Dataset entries
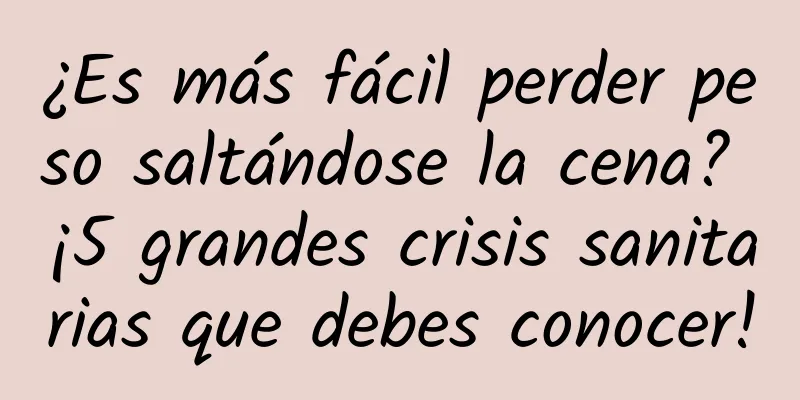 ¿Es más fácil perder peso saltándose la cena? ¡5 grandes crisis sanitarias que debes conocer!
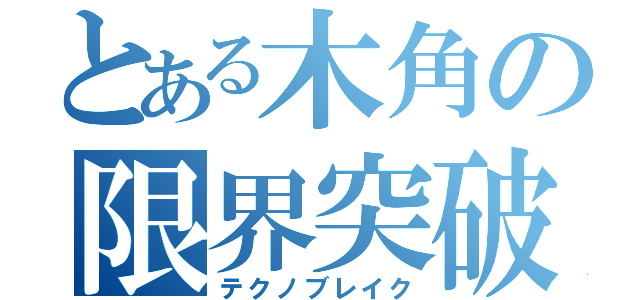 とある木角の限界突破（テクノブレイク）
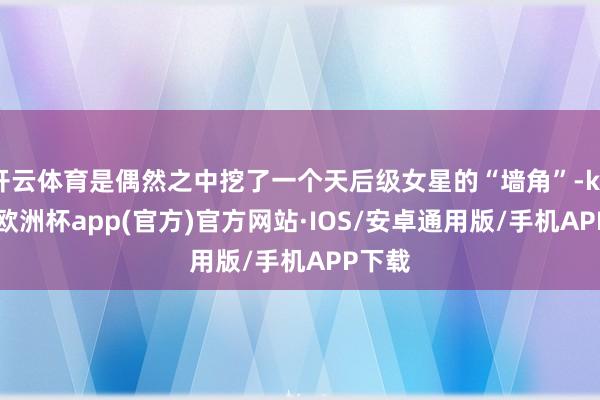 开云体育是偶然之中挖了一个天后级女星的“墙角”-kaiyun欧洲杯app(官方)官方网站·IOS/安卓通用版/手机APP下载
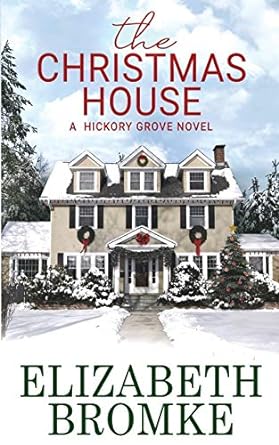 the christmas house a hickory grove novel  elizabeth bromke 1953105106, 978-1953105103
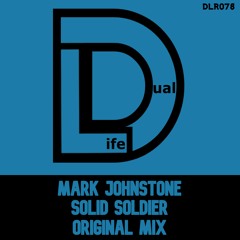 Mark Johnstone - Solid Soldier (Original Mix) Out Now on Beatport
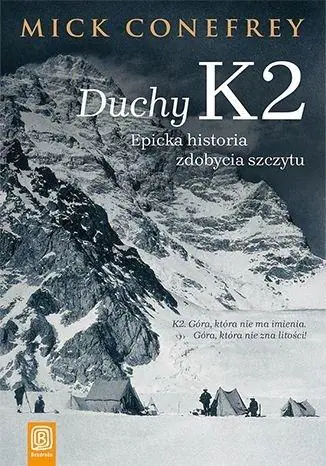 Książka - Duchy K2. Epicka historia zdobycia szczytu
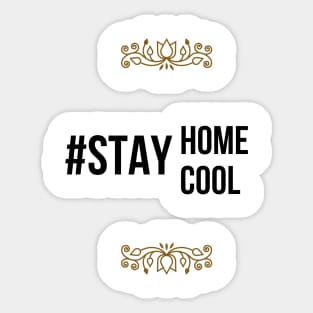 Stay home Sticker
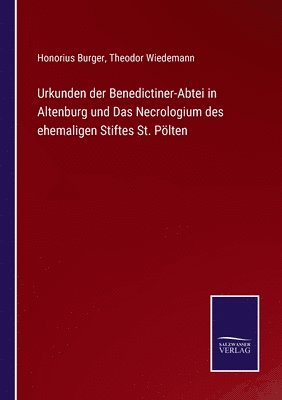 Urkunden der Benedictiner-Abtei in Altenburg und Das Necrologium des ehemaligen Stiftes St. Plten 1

**EXERCISE REQUIREMENTS:** Images stay out; the entries above are to be printed exactly.

**RESULT FOR THIS EXERCISE:**
 ¿Es más fácil perder peso saltándose la cena? ¡5 grandes crisis sanitarias que debes conocer!
 とある木角の限界突破（テクノブレイク）
 开云体育是偶然之中挖了一个天后级女星的“墙角”-kaiyun欧洲杯app(官方)官方网站·IOS/安卓通用版/手机APP下载
 the christmas house a hickory grove novel  elizabeth bromke 1953105106, 978-1953105103
 Mark Johnstone - Solid Soldier (Original Mix) Out Now on Beatport
 Książka - Duchy K2. Epicka historia zdobycia szczytu
 Stay home Sticker
 Urkunden der Benedictiner-Abtei in Altenburg und Das Necrologium des ehemaligen Stiftes St. Plten 1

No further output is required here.